• WORK TASK
Every line from the one that contains "Microneedling Estrias y cicatrices" to the end of the records must be restated word for word. No other line belongs in the answer.

• RECORDS TO USE
**********
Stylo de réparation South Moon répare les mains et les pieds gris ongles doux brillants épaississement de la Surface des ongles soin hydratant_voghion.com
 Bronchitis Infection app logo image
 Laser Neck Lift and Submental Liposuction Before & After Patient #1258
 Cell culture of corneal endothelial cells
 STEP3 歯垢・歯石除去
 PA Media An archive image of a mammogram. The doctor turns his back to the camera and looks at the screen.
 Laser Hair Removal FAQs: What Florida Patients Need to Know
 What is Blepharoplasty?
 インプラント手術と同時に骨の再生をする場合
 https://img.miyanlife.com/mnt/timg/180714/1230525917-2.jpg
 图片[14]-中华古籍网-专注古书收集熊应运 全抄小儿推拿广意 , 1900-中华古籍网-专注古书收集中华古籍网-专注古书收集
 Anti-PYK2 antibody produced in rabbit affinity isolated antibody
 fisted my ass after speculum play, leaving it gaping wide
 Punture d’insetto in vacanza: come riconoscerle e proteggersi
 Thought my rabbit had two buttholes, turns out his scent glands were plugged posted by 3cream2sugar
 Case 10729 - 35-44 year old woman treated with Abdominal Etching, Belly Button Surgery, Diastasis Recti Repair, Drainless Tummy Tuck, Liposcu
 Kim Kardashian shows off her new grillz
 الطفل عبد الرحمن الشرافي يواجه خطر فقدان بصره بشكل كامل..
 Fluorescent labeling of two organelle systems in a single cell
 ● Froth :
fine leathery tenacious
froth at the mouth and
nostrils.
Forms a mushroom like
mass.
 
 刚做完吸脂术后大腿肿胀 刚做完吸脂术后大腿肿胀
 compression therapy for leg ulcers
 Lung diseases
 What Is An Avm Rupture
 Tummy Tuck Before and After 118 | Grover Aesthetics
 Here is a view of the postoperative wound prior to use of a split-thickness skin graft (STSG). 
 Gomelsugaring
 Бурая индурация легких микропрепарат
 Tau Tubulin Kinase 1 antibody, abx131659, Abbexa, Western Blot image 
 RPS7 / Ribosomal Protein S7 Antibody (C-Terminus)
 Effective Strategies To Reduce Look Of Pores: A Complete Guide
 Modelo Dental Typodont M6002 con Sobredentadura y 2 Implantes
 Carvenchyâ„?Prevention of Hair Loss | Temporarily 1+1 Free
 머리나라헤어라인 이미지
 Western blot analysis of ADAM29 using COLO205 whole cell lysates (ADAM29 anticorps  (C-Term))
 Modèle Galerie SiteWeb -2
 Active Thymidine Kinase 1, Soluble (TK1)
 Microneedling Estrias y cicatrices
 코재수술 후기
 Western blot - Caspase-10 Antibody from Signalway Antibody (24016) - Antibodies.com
**********
• EXERCISE OUTPUT
 Microneedling Estrias y cicatrices
 코재수술 후기
 Western blot - Caspase-10 Antibody from Signalway Antibody (24016) - Antibodies.com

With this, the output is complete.